Recently SDR-Boston hosted an online panel titled "Lessons Learned – Using SDR in the Classroom", and the video is now up on YouTube. A presentation was given by three panelists and moderator on the topic of how software defined radio has been used in University curriculum. Many of the courses make use of RTL-SDR dongles, as well as more advanced transmit capable SDRs.
Software-defined radio (SDR) technology is extensively being used across a wide range of research activities to help demonstrate feasibility of new algorithms and approaches that are rapidly defining the new current state-of-the-art in emerging wireless technologies (e.g., 5G/6G, drone networks) as well as providing new opportunities to explore the electromagentic (EM) spectrum world around us (e.g., radio astronomy, satellite communications, radar). Although SDR has become mainstream in research activities, it has not been widely used in the classroom environment to help students leap from theoretical concepts to practical hands-on learning.
The following presentations were given (more information available on the panel website):
1,024 ways to teach with SDR: Dr. Fraida Fund, New York University
Educators who are considering using software defined radio in the classroom face a dizzying array of choices, including hardware, software, and curriculum decisions. In this presentation, I will describe my experiences using software defined radio in different ways for a range of audiences, from high school to graduate school. I will share the decisions I made in designing each course or curriculum module, and the tradeoffs associated with those decisions.
Teaching SDR and DSP to Undergrads within CS: Dr. Marc Lichtman, University of Maryland
Dr. Lichtman will briefly discuss the course he designed and taught at The University of Maryland within the CS dept, introducing students in their senior year to SDR and DSP, as an elective.

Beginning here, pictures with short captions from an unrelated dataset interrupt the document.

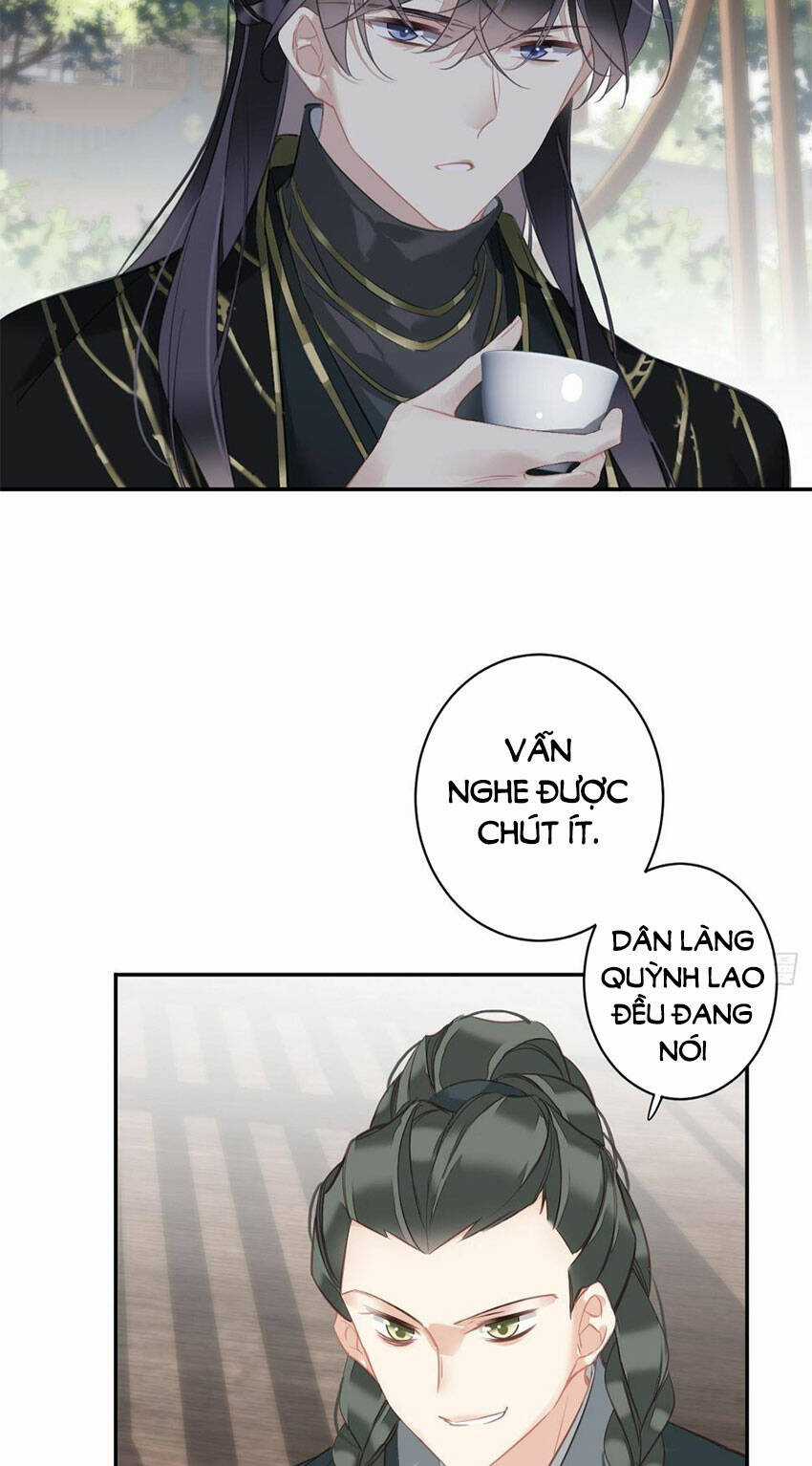 Quận Chúa Bất Tư Gia Chapter 145 trang 6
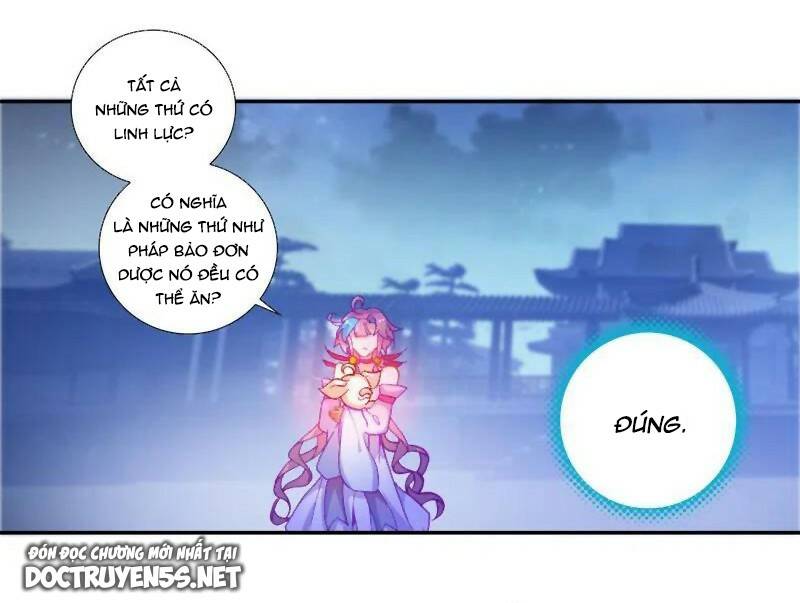 Lão Đại Xuyên Không Thành Tiên Nữ: Chapter 115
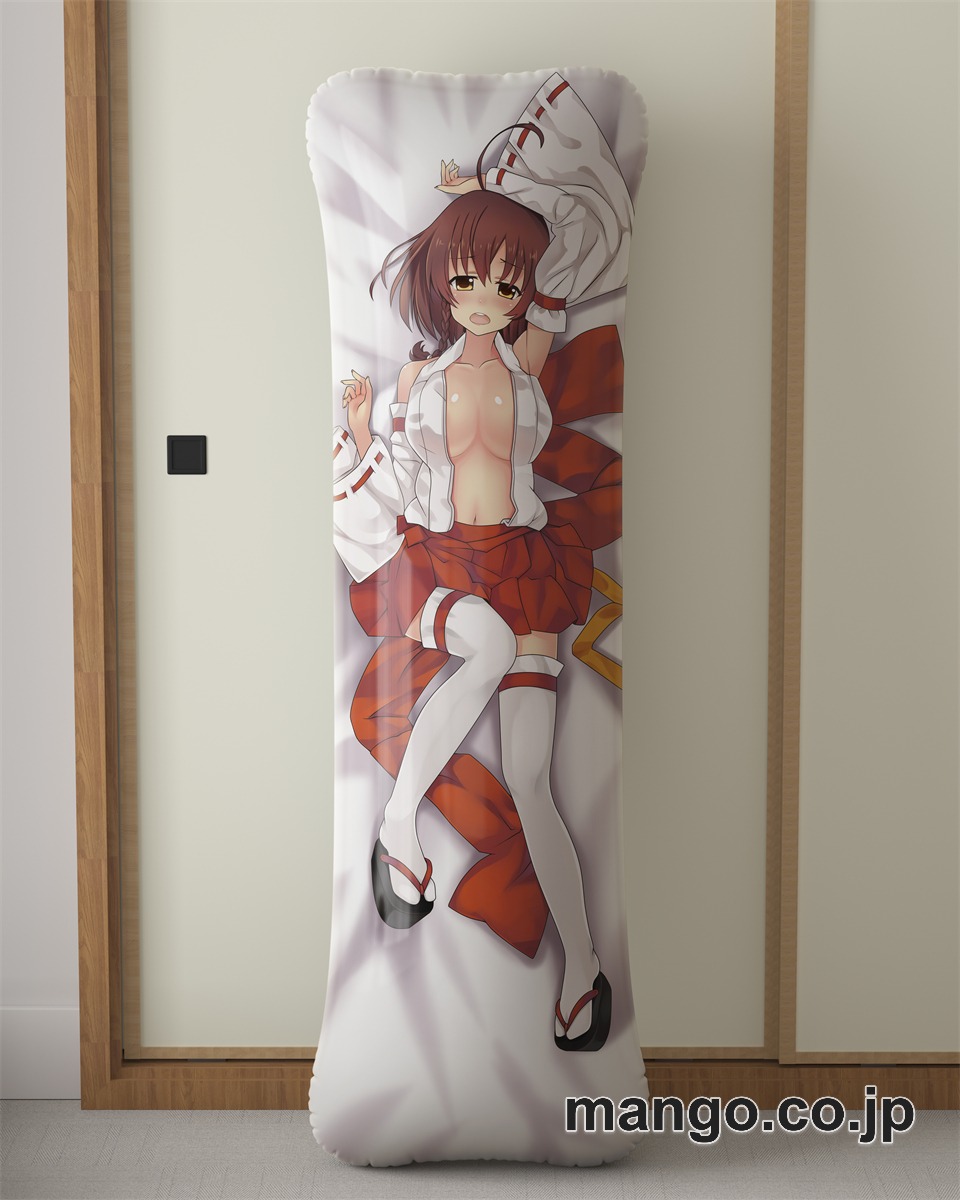 アニメ抱き枕カバーヌキどきッ！Revolution桃瀬ののあの着せ替え大型クッションキャラクターグッズPVC製コレクション用 2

The first half of the course acts as a DSP and wireless comms primer, essentially condensing several courses that are normally taught at the graduate level within ECE, providing students with the necessary background by teaching DSP theory using diagrams, animations, practical demos, and code examples rather than a mathematically rigorous theoretical approach. The remainder of the course focuses on using SDRs to implement the DSP techniques they had learned. He has recently created a free online textbook based on his course, teaching SDR and DSP with Python, https://pysdr.org.
Teaching Introductory Communication Systems using SDR: Challenges, Benefits, and Lessons Learned: Dr. Cory J. Prust, Milwaukee School of Engineering
Exposure to software-defined radio (SDR) technology is a valuable experience for undergraduate electrical and computer engineering students. Decreasing hardware costs and easy-to-use software tools have made SDR experimentation readily available to the undergraduate laboratory setting. However, especially for students who are still learning the fundamentals of communication systems, laboratory exercises must be carefully designed to reinforce foundational concepts, meaningfully engage and motivate students, and be presented at an appropriate technical level. This presentation will describe the development and deployment of hands-on SDR-based laboratories used in an introductory communication systems course. Lessons learned from multiple offerings of the course will be discussed.
Hands-On Wireless Communications Education: It’s More Than I/Q Representation: Dr. Alexander M. Wyglinski, Worcester Polytechnic Institute
In most undergraduate and graduate courses focusing on digital communication systems engineering, the concept of representing all information in terms of in-phase (I) and quadrature (Q) comes up and becomes the foundation for many other concepts taught throughout the rest of the course. However, the treatment of I/Q tends to be over idealized and the real-world effects affecting this very important source of information is saved “for the next course”. With SDR technology, those real-world effects that are impacting the successful recovery of I/Q samples are experienced right away and the true challenges of digital communication systems engineering are experienced first hand. This introduction will provide some initial insight on the practical considerations when extracting I/Q samples from over-the-air and attempting to decode them for the purposes of recovering binary information.